### Raw data
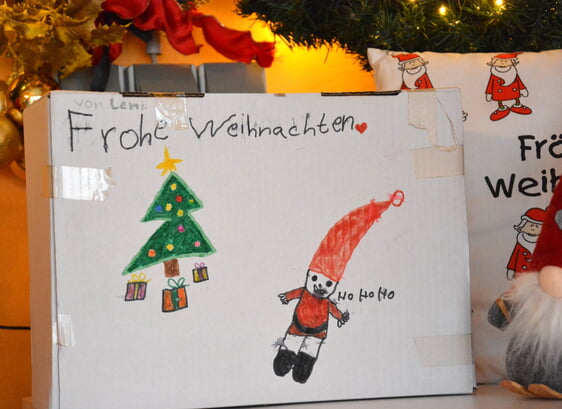 Die Päckchen werden mit viel Liebe gepackt. Hier wünscht Leni "Frohe Weihnachten". Foto: Wolfgang Teipel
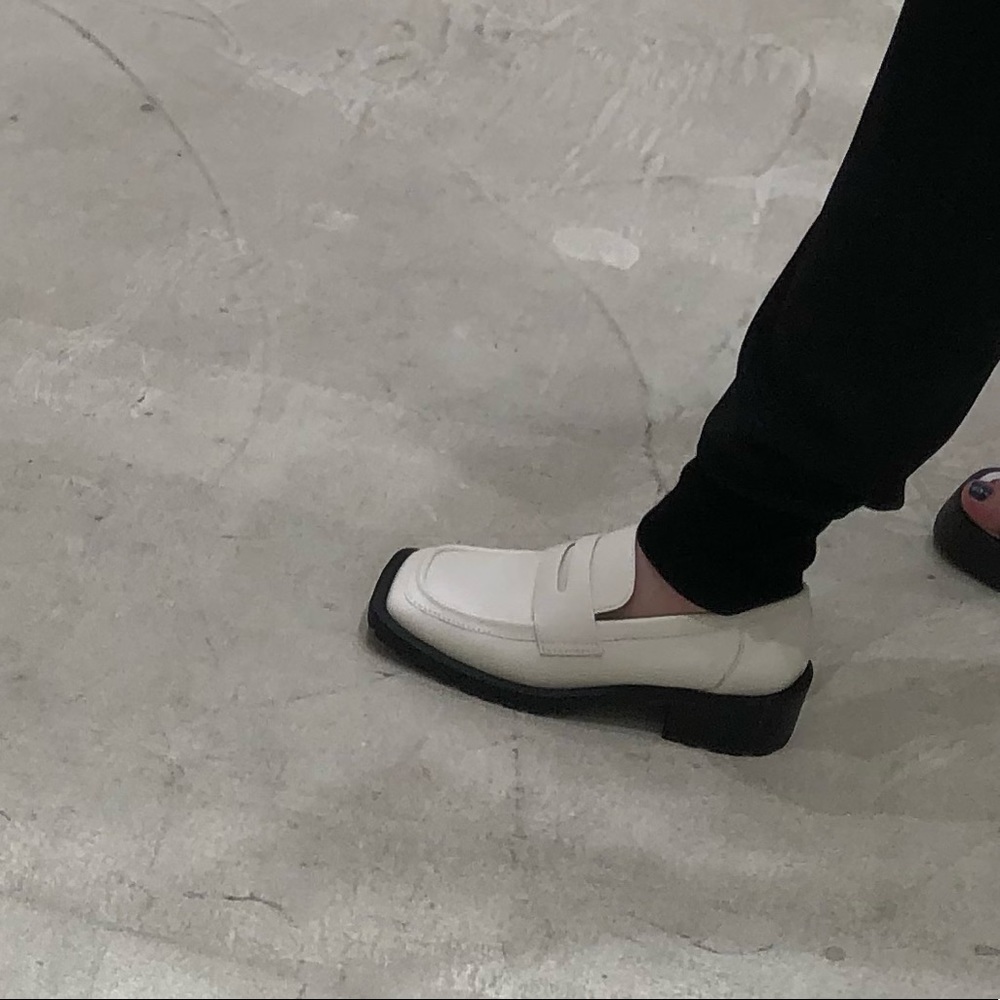 Square Toe Loafer OAK + FORT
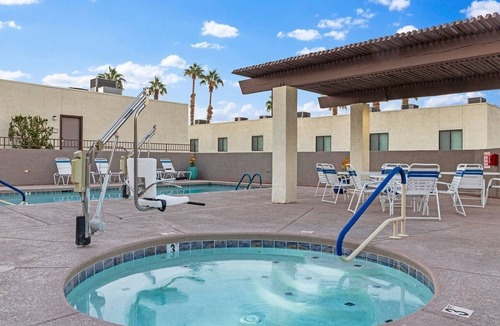 Lake Havasu City Apartment | Lake Havasu City | Couples Lake Retreat | Pool + Hot Tub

### Required work
What is needed is a verbatim copy of the lines running from the one with "Square Toe Loafer OAK + FORT" through the last line of the listing above, excluding any pictures.

### Answer to this exercise
 Square Toe Loafer OAK + FORT
 Lake Havasu City Apartment | Lake Havasu City | Couples Lake Retreat | Pool + Hot Tub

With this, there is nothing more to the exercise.